On 2020-05-01, 1356 samples (out of 3000) have been collected from a random sample of people. You can read more about the study here. From media reports I gather that two persons have been found to be positive. This is the case for when around 1200 samples have been analyzed so in time, this information may be a bit off.
Assuming 1368 samples have been collected and tested and 2 came up negative, this would make prevalence \(\pi = \frac{2}{1368} = 0.001462\). But what are the confidence and credible intervals around this? Let’s see how two methods fare.
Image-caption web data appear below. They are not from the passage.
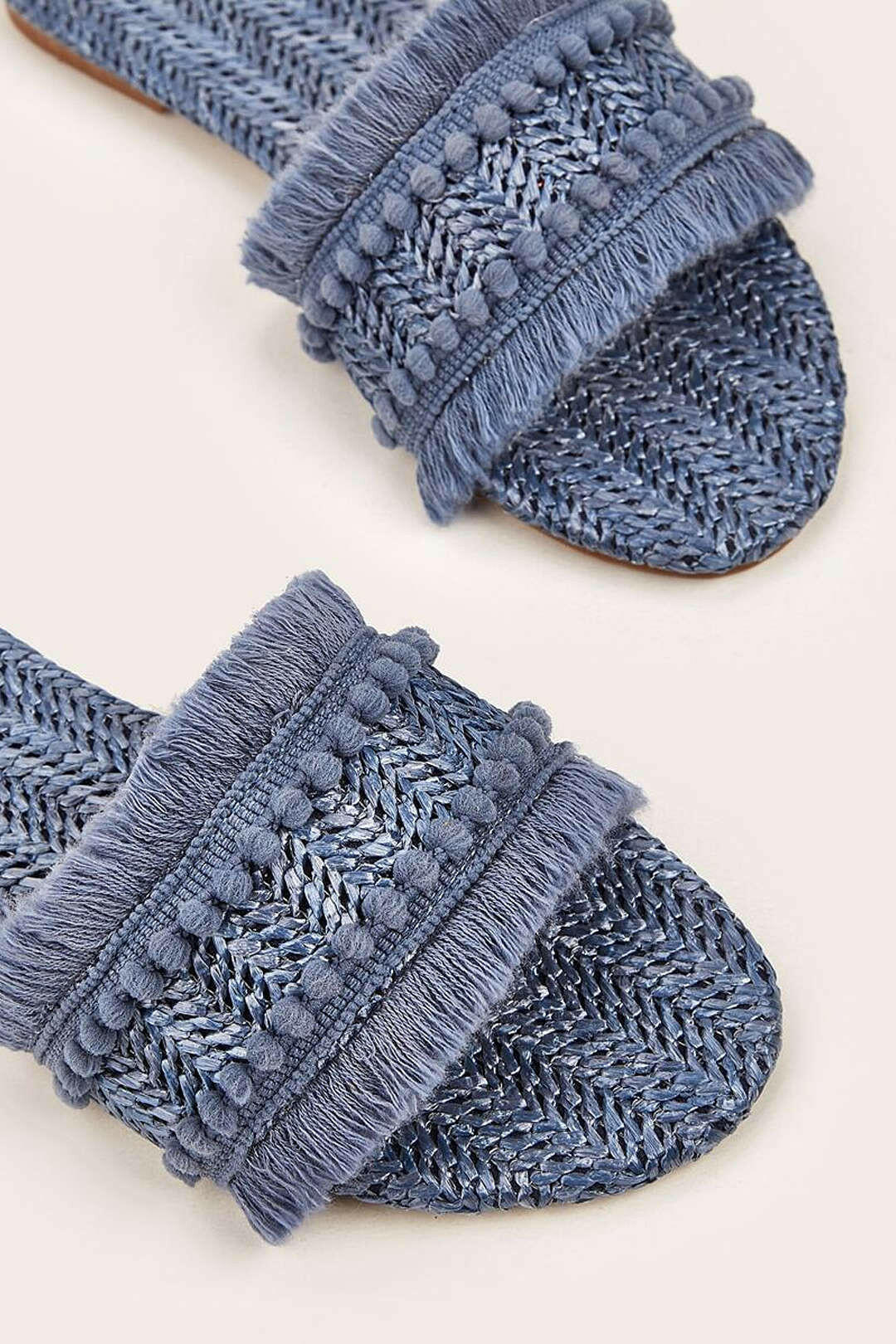 Zapatillas con Flecos.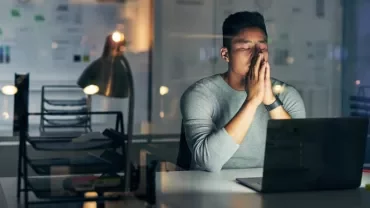 Professionista riflette sul suo work life management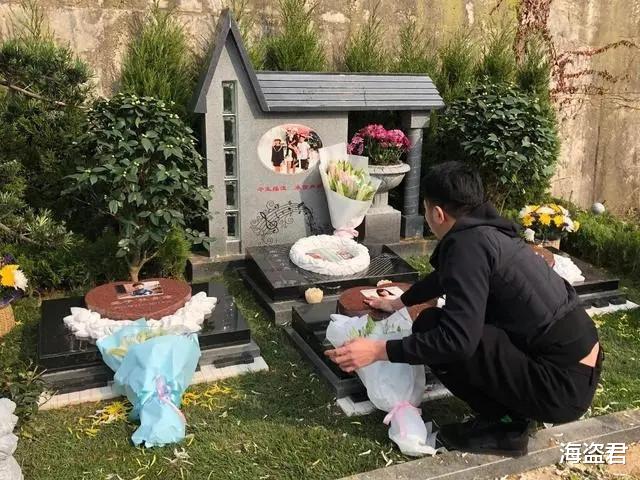 林生斌|林生斌被曝火灾当晚陪小三，小三曾跑墓前发文：这一天我已等太久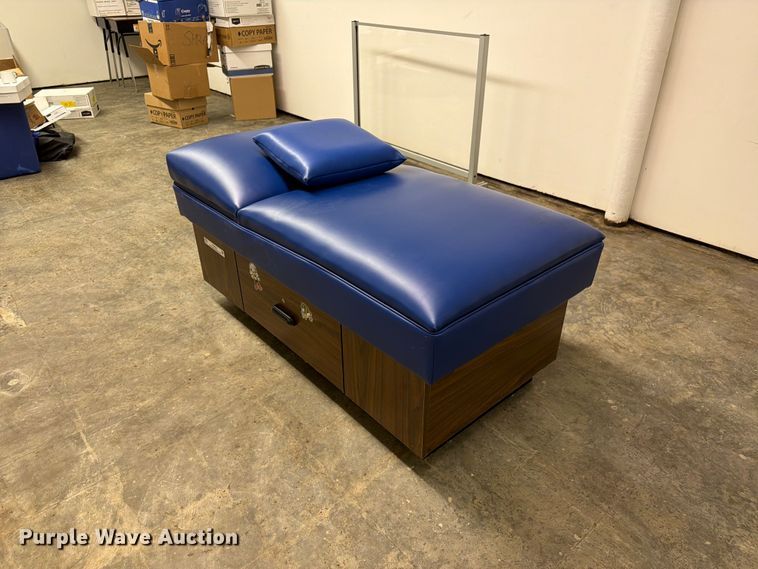 image for item DZ4910 WMC medical bed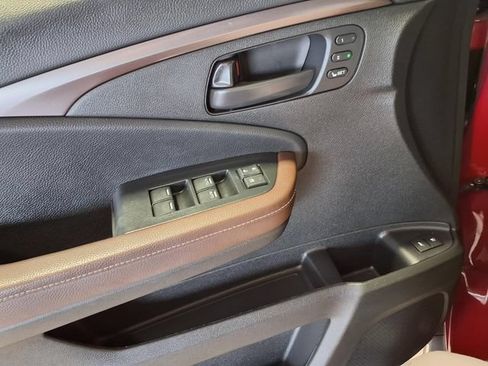 Certified 2025 Honda Passport EX-L image 17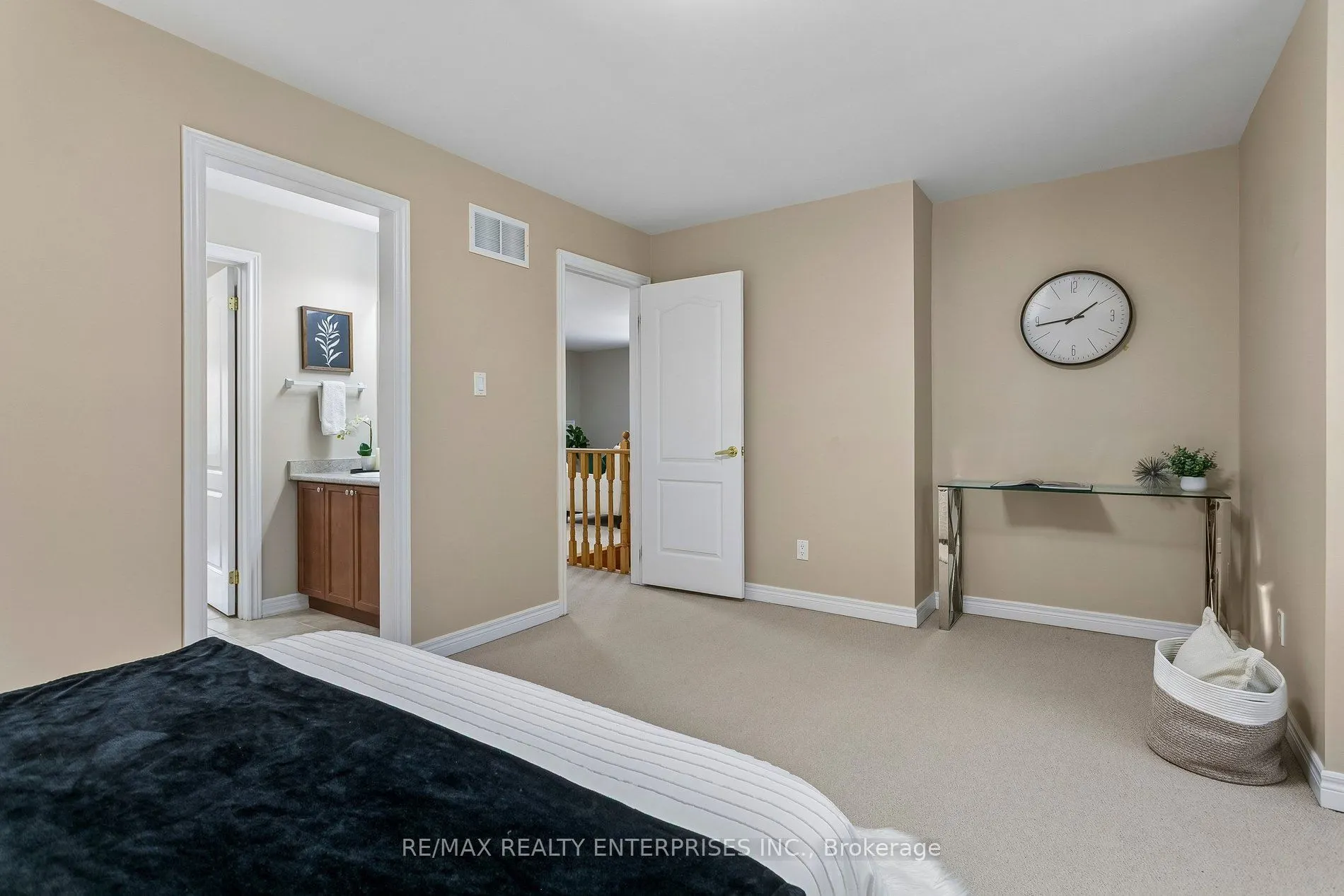 1633 Northmount Avenue #39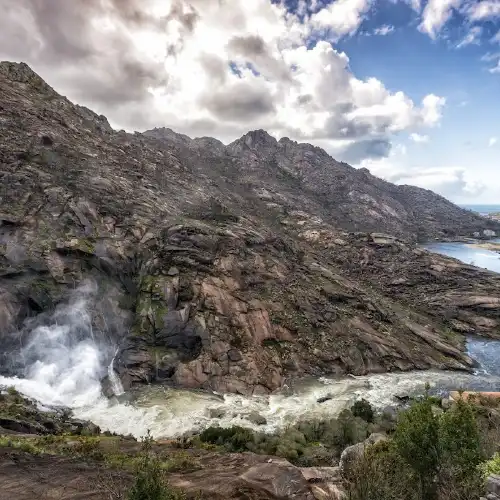 Ézaro waterfall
We use generalized linear model to get maximum likelihood parameter (intercept) estimate and a profiled 95 % confidence interval. We use Metropolis-Hastings sampling to obtain Bayesian credible 95 % credible intervals.
Code for MH sampler adapted from here.
posterior <- function(Y, X, beta) {
prob <- expit(beta[1])
like <- sum(dbinom(x = Y, size = 1, prob = prob, log = TRUE))
prior <- sum(dnorm(x = beta, mean = 0, sd = 10, log = TRUE))
like + prior
}
expit <- function(x) {
exp(x) / (1 + exp(x))
}
bayesianLogistic <- function(Y, X, prev.init, n.samples = 10000, can.sd = 10) {
beta <- rnorm(1, mean = prev.init, sd = 1)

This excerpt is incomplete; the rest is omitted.